Judith Ripka is a Award winning designer Judith Ripka creates jewelry of understated elegance that is meant to be worn everyday, from day into evening, from black tie to blue jeans and everything in between. Taught by her mother, a European couturier, to see the beauty in all the little things around us, each piece of jewelry Judith designs is an expression of that beauty as shared through the eyes of her mother.
Taking cue from her busy life as wife, mother, grandmother and business woman, Judith designs versatile jewelry with a special twist, ancient inspired, classically informed, timeless, yet modernized to complement today's wardrobe.

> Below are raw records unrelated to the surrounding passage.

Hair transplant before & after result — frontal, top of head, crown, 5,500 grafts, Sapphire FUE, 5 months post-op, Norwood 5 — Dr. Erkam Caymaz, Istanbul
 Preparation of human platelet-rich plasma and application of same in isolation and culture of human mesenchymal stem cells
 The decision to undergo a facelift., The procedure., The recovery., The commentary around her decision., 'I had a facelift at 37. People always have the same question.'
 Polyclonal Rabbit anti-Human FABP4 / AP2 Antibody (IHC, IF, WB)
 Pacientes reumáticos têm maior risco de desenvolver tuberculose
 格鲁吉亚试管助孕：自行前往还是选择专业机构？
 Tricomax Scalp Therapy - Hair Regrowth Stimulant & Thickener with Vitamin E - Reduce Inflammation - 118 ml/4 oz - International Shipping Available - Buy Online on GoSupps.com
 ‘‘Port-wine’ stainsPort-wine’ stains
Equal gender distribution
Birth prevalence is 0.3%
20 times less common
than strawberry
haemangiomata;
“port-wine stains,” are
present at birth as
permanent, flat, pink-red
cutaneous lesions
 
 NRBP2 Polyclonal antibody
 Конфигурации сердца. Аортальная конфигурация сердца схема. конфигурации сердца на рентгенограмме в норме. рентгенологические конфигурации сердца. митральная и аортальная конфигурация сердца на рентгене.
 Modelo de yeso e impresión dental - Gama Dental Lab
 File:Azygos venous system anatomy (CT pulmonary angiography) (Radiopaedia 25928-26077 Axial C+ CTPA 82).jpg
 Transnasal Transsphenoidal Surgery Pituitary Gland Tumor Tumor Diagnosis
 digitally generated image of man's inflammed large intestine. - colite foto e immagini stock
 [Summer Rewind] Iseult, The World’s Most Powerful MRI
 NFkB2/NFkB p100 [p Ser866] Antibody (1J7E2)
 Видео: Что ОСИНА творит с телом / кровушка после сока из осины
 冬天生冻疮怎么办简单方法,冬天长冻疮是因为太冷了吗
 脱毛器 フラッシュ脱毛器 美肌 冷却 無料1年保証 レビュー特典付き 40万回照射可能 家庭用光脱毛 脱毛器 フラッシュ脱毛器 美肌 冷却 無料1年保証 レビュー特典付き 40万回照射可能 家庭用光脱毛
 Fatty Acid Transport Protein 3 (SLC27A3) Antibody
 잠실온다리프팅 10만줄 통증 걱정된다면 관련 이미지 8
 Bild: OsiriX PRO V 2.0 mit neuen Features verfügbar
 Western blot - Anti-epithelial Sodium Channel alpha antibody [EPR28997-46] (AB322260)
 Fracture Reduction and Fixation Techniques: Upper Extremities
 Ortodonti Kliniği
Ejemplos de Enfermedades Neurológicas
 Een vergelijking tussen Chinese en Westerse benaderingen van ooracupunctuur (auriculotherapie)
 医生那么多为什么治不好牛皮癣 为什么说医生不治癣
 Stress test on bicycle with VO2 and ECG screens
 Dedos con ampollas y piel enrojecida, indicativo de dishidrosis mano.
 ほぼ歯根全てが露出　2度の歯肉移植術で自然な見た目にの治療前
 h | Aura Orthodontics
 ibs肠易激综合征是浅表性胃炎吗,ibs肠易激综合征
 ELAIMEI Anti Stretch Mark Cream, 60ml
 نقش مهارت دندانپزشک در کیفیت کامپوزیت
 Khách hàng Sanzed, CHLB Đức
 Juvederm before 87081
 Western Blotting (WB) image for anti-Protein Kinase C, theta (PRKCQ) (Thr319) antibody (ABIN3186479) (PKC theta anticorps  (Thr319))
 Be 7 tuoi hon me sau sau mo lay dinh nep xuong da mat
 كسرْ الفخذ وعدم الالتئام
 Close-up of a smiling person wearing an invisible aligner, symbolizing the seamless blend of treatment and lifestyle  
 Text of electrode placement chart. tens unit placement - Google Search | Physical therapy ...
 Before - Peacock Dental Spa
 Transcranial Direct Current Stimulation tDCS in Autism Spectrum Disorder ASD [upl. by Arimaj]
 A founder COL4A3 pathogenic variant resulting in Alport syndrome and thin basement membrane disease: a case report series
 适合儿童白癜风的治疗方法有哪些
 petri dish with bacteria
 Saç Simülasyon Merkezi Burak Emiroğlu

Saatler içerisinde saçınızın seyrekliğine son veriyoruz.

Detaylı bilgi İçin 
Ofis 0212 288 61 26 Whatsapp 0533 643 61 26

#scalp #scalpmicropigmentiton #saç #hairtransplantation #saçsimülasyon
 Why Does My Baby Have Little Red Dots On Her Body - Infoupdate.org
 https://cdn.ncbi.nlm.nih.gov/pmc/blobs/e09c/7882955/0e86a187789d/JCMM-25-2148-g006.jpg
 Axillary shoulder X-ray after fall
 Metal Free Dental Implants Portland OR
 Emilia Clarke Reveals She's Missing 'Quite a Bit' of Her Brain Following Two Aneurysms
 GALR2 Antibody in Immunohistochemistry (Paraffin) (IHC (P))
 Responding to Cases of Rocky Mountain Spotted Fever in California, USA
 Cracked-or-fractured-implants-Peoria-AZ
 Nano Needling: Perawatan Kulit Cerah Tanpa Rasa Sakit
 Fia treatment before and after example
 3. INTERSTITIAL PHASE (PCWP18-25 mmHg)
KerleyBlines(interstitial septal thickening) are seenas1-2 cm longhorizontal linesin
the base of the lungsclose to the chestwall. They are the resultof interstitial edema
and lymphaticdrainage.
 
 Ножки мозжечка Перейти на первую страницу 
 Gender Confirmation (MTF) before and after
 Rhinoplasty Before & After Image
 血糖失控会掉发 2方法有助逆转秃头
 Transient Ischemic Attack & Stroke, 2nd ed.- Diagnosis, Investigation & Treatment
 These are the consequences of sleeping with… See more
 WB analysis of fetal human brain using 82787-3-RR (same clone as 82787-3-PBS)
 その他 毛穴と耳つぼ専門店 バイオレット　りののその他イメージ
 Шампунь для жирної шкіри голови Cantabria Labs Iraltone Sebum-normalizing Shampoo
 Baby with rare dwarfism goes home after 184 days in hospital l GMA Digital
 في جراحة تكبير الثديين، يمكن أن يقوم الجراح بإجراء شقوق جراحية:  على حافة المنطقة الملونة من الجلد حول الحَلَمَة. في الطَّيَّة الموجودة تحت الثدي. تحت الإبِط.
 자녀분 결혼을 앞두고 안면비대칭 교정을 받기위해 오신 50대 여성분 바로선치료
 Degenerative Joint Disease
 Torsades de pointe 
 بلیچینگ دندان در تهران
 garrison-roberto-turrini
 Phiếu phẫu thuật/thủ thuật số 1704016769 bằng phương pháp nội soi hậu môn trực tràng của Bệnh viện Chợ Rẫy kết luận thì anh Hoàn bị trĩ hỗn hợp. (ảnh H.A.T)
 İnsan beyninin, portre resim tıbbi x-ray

Amongst her many achievements and awards, Judith won the prestigious DeBeers' Award for Diamond Design and was inducted into the Council of Fashion Designers of America. Please read the full interview on National Jeweler Network

Being persistent and surrounding yourself with positive, encouraging friends and associates can catapult your business into the big time, jewelry-design powerhouse Judith Ripka told attendees of the Women's Jewelry Association's Women in the Know Conference at the Fashion Institute of Technology on Friday.
Passion for creating jewelry can also take your business a long way, she added.
"Even if it had not become my business, I would still design jewelry," Ripka said. "Persistence is one of the keys to my success. I've sketched two days a week religiously for 34 years."
Ripka told the story of her business, the Judith Ripka Companies Inc., a multimillion-dollar wholesale and retail jewelry company that now employs 150 people (90 percent of whom are women) and is opening its 13th retail store in Las Vegas this year. [...]
But when Ripka started out, she was a struggling mother of three running her business out of the living room of her house in Long Island, where she was one of the few working mothers in her neighborhood at the time.
She balanced caring for the children with sketching during all of her free moments, initially selling jewelry out of her own living room from a $12 case she bought in the Bowery section of Manhattan.
Her business got off the ground with a $1,000 loan from a dear friend who was among those who encouraged her as she began making jewelry at a manufacturing facility in 1973, Ripka said. Other friends lent her cars to get around since she didn't own a vehicle.
"Don't have anyone around you who doesn't wish you well," Ripka said. "There were countless people along the way who told me to give up, that the chances were slim. But I am telling you, the chances are not slim."